しかし、遺言書作成において、遺言執行者の指定は、必ず記載する必要があるものではありません。
では、遺言書において、遺言執行者はどのような場合に指定すべきでしょうか。
今回は、遺言執行者を指定したほうが良いケースの一例を紹介します。
2 遺言執行者を遺言書で指定しておくべきケースの一例
相続人のいない方が、お世話になった方に遺産を渡したいというケースです。
このような場合、確かに遺言書で記載をすれば、相続人がいない方でも、相続人でない方に対して遺産を渡すことができます。
しかし、特定の不動産を相続人でない方に対して渡したい場合、どのようになるでしょうか。
不動産の遺贈による名義変更を行う場合、相続人でない方が不動産を受け取る場合には、相続人の方と共同申請をする必要があります。
しかし、上記の例では、相続人はいません。
この場合、不動産を受け取る方は、自身で相続財産清算人を立てて、その方と共同で名義変更を行うか、遺言者が亡くなった後で遺言執行者を立てて、その方と共同で名義変更を行う必要があります。

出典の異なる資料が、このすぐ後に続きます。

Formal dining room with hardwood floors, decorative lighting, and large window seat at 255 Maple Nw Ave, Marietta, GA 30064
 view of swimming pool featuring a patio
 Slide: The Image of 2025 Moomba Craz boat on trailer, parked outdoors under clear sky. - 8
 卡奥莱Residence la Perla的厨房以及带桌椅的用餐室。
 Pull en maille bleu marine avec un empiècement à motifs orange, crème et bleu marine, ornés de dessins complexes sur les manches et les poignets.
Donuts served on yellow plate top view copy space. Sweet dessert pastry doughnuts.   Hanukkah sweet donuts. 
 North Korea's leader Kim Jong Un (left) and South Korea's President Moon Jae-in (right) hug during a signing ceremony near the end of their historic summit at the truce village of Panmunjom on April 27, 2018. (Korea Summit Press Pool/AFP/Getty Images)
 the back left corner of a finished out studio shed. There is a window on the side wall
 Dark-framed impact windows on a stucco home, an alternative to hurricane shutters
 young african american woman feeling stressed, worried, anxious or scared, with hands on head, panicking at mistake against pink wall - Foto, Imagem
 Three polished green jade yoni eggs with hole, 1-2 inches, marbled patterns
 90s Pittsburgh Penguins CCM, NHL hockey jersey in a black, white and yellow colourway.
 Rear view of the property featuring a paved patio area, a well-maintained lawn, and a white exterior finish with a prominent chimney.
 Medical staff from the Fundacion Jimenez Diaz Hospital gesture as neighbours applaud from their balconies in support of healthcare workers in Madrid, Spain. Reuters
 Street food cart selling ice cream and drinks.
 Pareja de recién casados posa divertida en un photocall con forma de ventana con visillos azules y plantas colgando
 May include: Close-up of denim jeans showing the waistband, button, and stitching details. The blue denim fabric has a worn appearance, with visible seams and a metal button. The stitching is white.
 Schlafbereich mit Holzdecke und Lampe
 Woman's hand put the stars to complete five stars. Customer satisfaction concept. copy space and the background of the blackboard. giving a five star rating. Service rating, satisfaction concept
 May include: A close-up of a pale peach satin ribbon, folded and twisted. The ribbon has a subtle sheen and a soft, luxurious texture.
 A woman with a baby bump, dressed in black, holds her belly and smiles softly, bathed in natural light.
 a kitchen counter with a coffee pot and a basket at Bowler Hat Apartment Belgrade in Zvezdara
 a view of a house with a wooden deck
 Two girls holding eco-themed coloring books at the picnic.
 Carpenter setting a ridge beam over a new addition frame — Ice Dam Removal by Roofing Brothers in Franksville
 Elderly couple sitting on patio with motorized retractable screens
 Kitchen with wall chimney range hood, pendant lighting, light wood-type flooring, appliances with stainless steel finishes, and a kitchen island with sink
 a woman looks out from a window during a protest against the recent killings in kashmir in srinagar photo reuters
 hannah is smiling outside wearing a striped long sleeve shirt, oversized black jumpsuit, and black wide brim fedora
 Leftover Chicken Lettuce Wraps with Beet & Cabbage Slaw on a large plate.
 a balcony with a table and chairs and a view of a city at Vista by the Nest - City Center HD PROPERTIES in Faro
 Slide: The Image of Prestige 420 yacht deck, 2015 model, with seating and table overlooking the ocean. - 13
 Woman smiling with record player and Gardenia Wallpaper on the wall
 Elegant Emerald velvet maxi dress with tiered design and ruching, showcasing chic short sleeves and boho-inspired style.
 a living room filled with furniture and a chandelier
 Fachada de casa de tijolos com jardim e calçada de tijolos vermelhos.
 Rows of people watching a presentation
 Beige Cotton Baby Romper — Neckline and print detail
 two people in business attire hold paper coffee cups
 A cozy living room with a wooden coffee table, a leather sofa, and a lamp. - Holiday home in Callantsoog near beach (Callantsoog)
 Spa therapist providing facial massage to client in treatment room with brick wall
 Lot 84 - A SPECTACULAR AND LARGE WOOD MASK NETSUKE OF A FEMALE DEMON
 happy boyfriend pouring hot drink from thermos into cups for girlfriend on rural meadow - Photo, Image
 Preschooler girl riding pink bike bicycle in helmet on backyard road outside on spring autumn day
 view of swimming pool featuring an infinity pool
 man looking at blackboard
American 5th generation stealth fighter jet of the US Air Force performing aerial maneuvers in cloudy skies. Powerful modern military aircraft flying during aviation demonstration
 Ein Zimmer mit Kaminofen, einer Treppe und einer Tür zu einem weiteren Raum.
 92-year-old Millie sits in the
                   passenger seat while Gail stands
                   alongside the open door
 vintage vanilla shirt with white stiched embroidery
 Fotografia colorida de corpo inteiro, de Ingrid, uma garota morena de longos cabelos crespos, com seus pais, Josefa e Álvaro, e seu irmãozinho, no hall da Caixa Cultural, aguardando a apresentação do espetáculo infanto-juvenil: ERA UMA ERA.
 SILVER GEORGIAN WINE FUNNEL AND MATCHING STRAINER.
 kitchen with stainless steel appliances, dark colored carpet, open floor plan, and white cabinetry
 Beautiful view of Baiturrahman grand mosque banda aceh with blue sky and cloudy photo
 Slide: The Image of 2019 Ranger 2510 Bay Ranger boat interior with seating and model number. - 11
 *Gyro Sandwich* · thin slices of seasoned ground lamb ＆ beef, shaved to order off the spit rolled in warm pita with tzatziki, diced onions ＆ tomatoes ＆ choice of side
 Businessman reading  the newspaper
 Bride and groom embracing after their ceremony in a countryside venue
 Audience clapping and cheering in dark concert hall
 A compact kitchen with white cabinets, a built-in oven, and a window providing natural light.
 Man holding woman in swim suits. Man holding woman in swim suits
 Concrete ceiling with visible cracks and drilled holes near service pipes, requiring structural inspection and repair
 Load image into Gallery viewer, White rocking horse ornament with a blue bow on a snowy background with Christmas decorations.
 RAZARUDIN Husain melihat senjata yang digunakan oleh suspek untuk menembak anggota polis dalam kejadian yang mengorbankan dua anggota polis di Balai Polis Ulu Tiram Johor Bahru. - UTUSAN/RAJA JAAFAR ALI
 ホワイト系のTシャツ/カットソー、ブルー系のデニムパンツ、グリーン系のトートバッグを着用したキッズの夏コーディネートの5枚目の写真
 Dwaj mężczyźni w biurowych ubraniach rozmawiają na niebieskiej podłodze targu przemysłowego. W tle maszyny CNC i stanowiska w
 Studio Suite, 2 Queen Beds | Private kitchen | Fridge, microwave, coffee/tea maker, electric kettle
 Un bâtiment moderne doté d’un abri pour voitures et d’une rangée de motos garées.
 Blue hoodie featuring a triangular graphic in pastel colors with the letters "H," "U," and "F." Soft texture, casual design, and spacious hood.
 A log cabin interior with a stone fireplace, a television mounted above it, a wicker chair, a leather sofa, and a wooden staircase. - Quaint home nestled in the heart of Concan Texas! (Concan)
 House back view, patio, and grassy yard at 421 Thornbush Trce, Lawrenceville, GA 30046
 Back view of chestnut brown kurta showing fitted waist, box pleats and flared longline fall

そのため、せっかく遺産を渡そうと思っても、遺言執行者を指定していないと、受け取る側に大きな手間や負担を強いてしまうことになります。
このような場合には、遺言書の中で遺言執行者を指定しておけば、不動産を受け取る方は、その遺言執行者と共同で名義変更の申請をすれば足りることになります。
このように、遺言書の中で遺言執行者を指定することで、受遺者に負担をかけることなく、自分の財産を渡すことができます。
このようなケースでは、遺言者において、遺言執行者を指定しておくことが望ましいといえるでしょう。